We'll see if Presti can get anything done for a shooting guard.

----------


## dankrutka

> I mean, I guess you can trade away Ferguson since he's really not going to be a major contributor in this team's title window (next 3/4 years)


It's an interesting dilemma. There's a lot of reasons to keep young talent: cheap contracts, brighter future (this is more important than most think), future asset (once he's gone OKC has nothing). But, Ferguson is probably 2-3 seasons away from being a significant contributor and this is a win-now team that doesn't want to waste Russ' prime.

Supposedly, there's been a lot of interest in Ferguson, but OKC is not taking calls on him.

----------


## Laramie

.
*Oklahoma City Thunder 125 -  Golden State Warriors 105*

Box score:  http://www.espn.com/nba/boxscore?gameId=400975549

----------


## Urbanized

^^^^^^^
Games like this are why I remain (mostly) an optimist.

----------


## Roger S

> ^^^^^^^
> Games like this are why I remain (mostly) an optimist.

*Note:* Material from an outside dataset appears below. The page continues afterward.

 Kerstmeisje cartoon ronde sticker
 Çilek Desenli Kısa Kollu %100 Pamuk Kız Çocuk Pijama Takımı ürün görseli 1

Yep.... I think as long as we don't have to play Dallas or Sacramento in the first round of the playoffs. We may have a chance!  :Wink:

----------


## Urbanized

:Wink:

----------


## dankrutka

> Yep.... I think as long as we don't have to play Dallas or Sacramento in the first round of the playoffs. We may have a chance!


Let's also hope whoever we play has all their stars healthy. Because if we have to play their bench players we're bound to get torched.  :Wink:

----------


## Roger S

> Let's also hope whoever we play has all their stars healthy. Because if we have to play their bench players we're bound to get torched.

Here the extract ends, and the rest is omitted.